Provided material
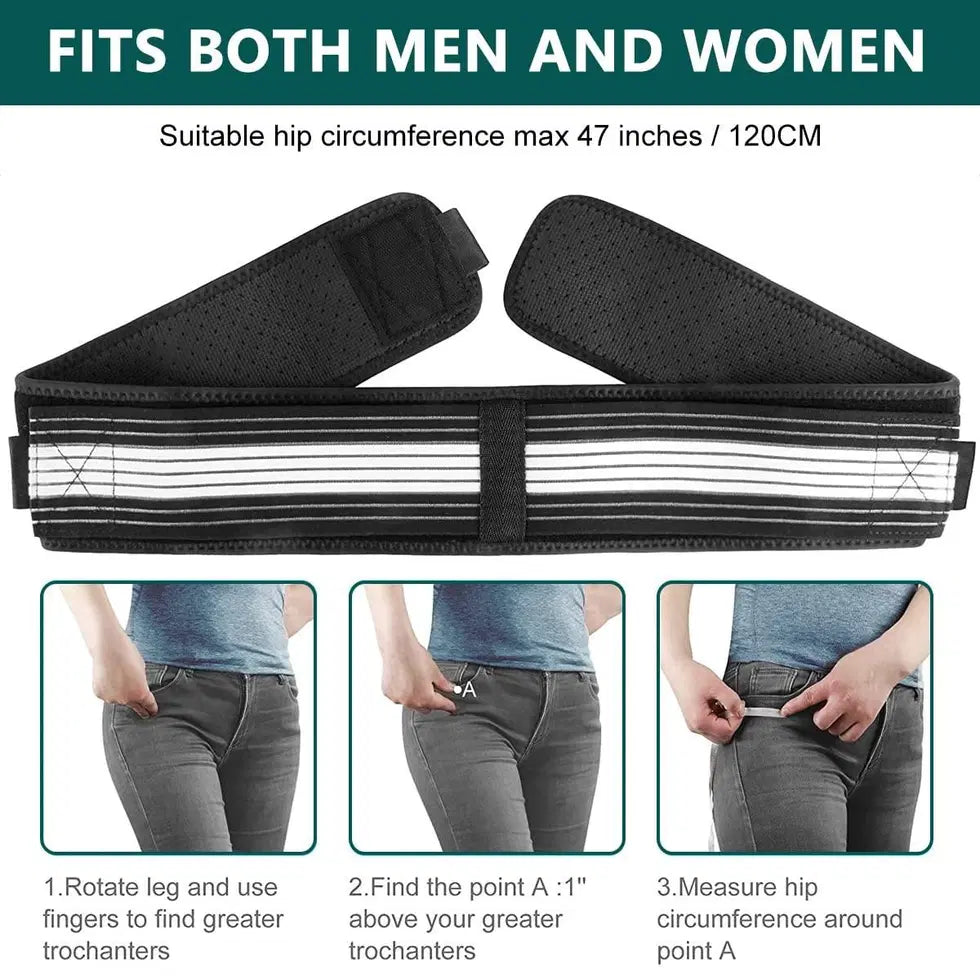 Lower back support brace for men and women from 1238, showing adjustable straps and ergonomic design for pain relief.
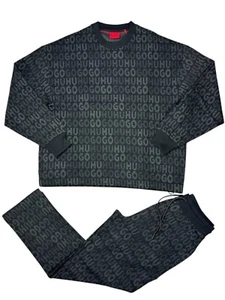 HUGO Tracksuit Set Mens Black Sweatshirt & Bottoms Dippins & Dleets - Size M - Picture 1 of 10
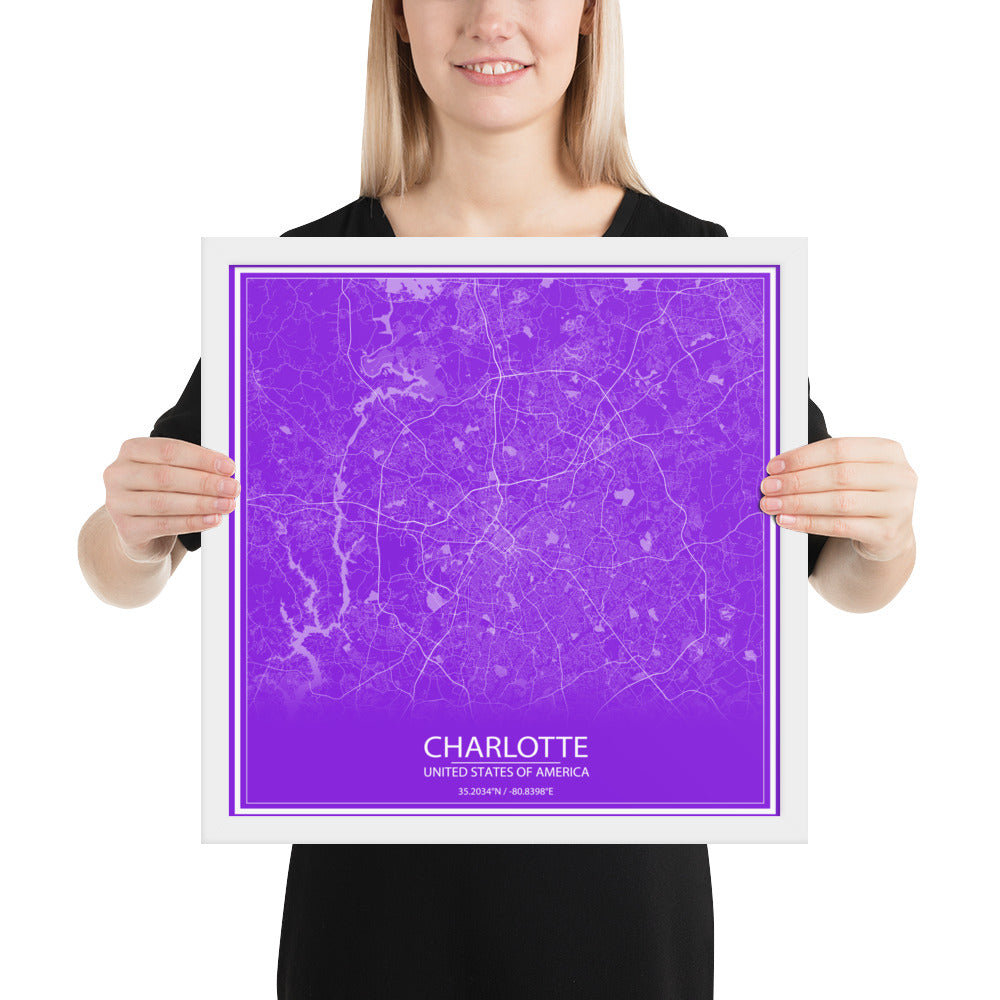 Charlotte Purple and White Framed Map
==
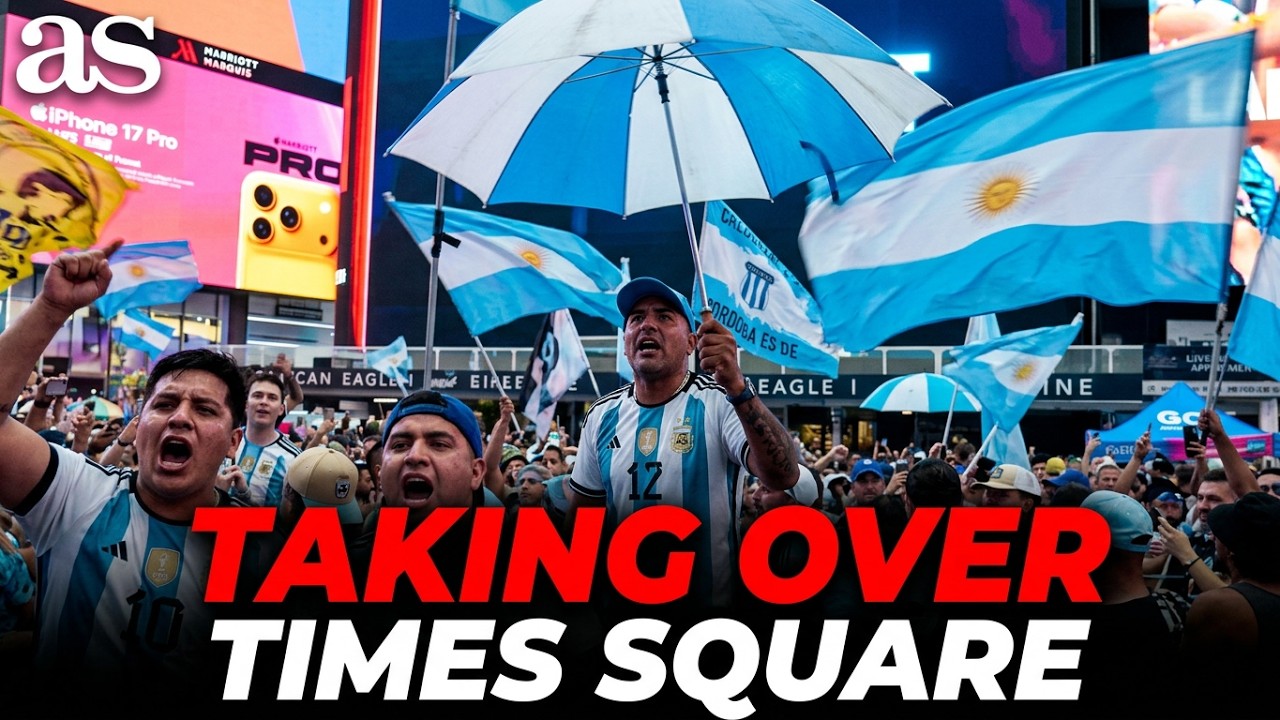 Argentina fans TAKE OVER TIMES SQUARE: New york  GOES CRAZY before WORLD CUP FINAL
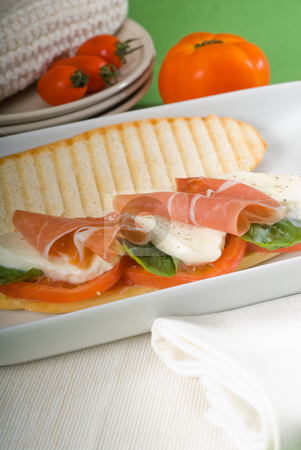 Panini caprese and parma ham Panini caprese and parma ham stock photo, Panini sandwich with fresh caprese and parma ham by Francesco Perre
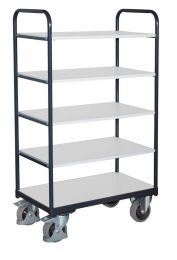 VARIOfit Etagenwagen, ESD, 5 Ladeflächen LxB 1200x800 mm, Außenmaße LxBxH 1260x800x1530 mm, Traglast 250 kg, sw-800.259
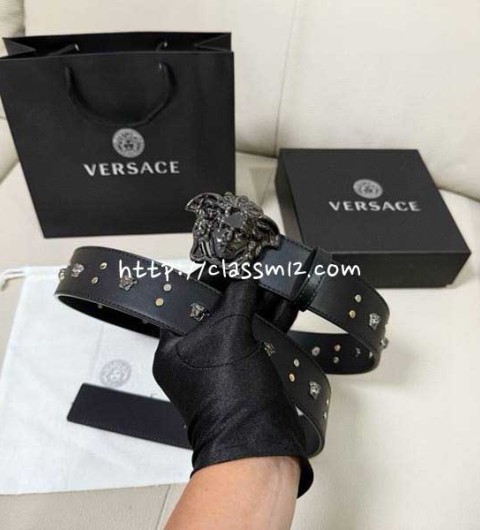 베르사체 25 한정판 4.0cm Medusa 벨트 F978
==
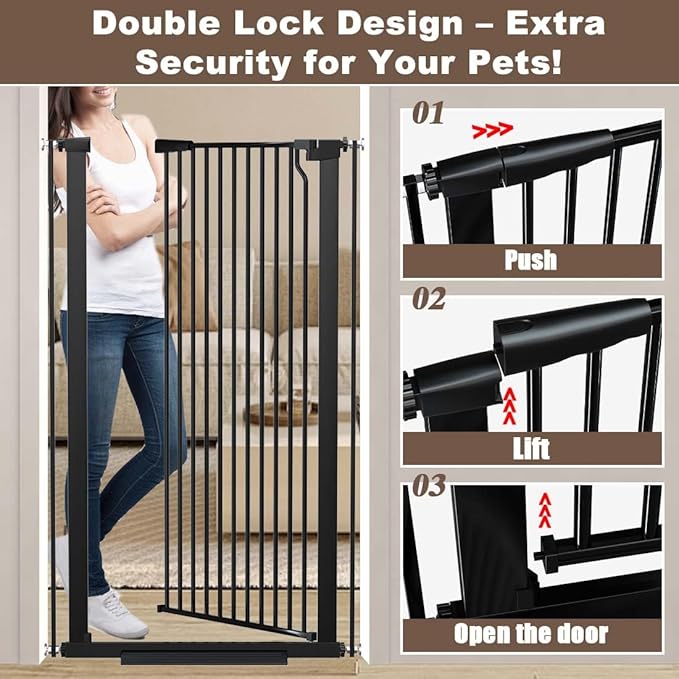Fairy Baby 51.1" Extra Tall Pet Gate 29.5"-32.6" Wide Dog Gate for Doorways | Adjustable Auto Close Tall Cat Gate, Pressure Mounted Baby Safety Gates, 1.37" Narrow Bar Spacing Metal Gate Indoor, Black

Task brief
In the listing above, find the line with "Lower back support" and the line with "Charlotte Purple and White Framed Map". Output both, plus every line between them, and no pictures.

Task response
 Lower back support brace for men and women from 1238, showing adjustable straps and ergonomic design for pain relief.
 HUGO Tracksuit Set Mens Black Sweatshirt & Bottoms Dippins & Dleets - Size M - Picture 1 of 10
 Charlotte Purple and White Framed Map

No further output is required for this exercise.